• **The task**:
Find the line containing "Figure 5: Enable" in the listing below; reproduce it and every line after, exactly. Skip pictures.

• **Input data**:

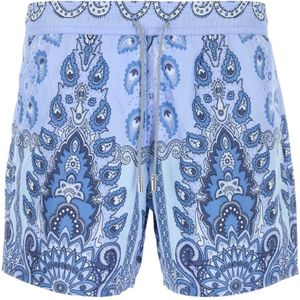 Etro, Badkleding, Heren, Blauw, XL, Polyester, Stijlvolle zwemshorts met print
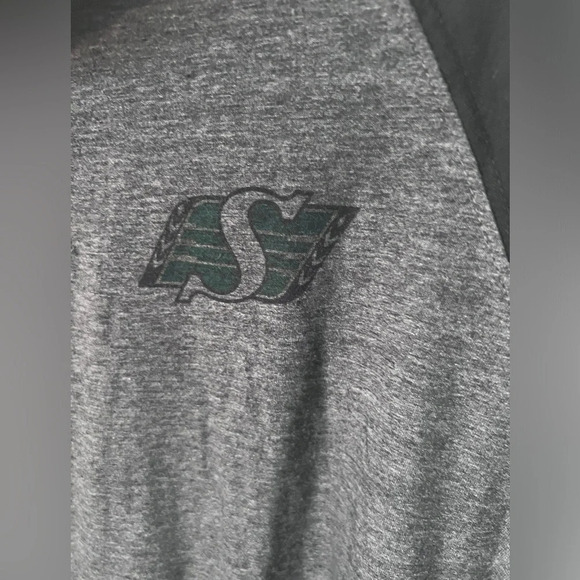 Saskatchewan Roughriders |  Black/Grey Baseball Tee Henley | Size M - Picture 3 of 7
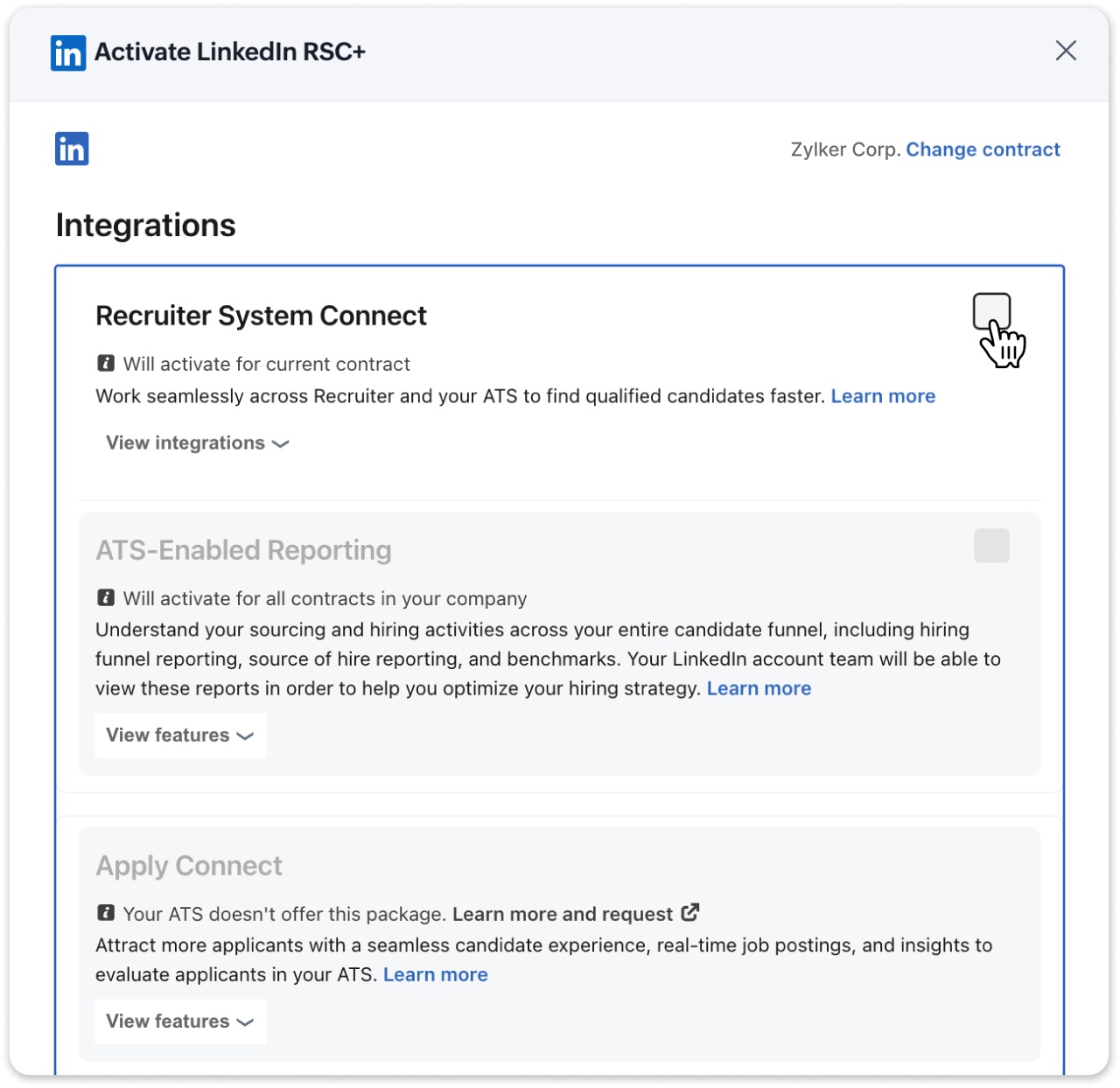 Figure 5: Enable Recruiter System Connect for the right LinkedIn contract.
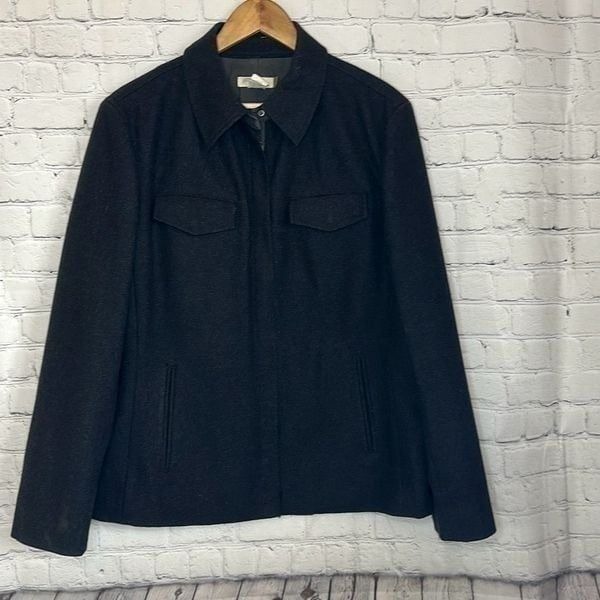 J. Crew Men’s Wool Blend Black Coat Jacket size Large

• **Solution to the problem**:
 Figure 5: Enable Recruiter System Connect for the right LinkedIn contract.
 J. Crew Men’s Wool Blend Black Coat Jacket size Large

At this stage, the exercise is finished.